Historically, low-end parts have managed to kill high-end parts by selling in
larger volumes and amortizing their fixed costs over a larger base. ARM sells
in huge volumes, but how is selling $1 embedded chips going to help them
amortize the cost of their high end stuff? Decades ago, doing that sort of
thing would helped Intel fill up their idle fab time while competitors like
DEC struggled to pay for their fabs, but ARM has never owned its own fabs, and
selling completely different low-end parts doesn't really help amortize the
cost of masks, post-silicon debug, etc. of their high end parts.
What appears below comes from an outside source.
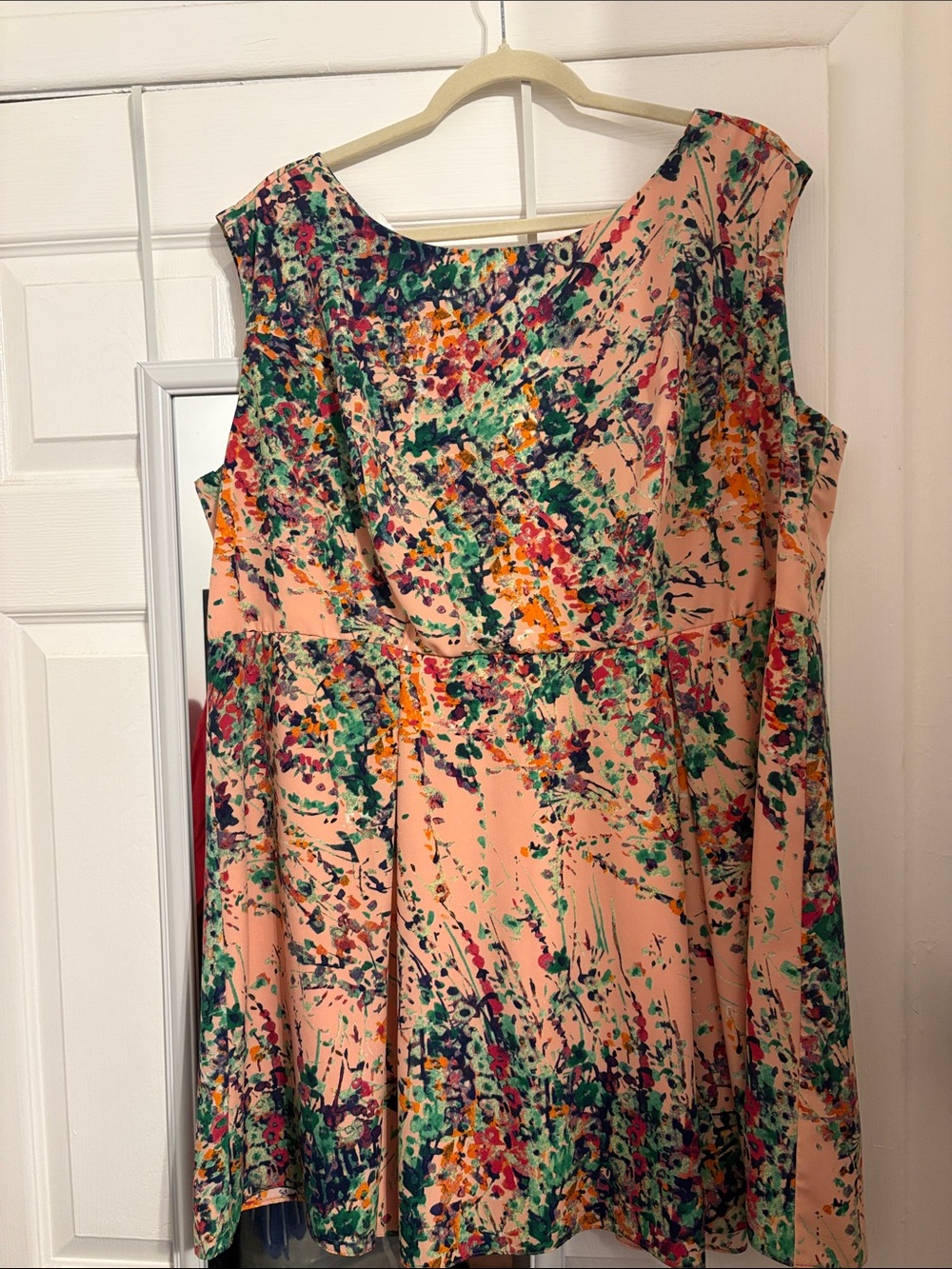 Sleeveless Peach Floral Splash Fit & Flare Mini Dress Size 3X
I'm also skeptical that ARM will retain its power:performance advantage if it
tries to scale up performance to match low-end mainstream Intel parts (e.g.,
core i3). The main reason ARM has better performance:power is that there are
diminishing returns to performance. Another is that Atom is a new product
line, and Intel doesn't have much experience trying to optimize for low-end
parts. That won't be true going forward. Yet another transient advantage ARM
has is that Intel uses a high performance process, but they've said that
they're going to have both a high performance and a power optimized process in
the future. If anything, Intel's process wizardry should give them an
advantage there, once they decide to push it. What other inherent advantages
does ARM have over x86? It's a PITA to decode x86 instructions, but the ARM
instruction set isn't very nice, either (e.g., look at how they ran out of
opcode space, and overlayed some of their "new" NEON instructions on top of
existing instructions by using unused condition codes for existing opcodes).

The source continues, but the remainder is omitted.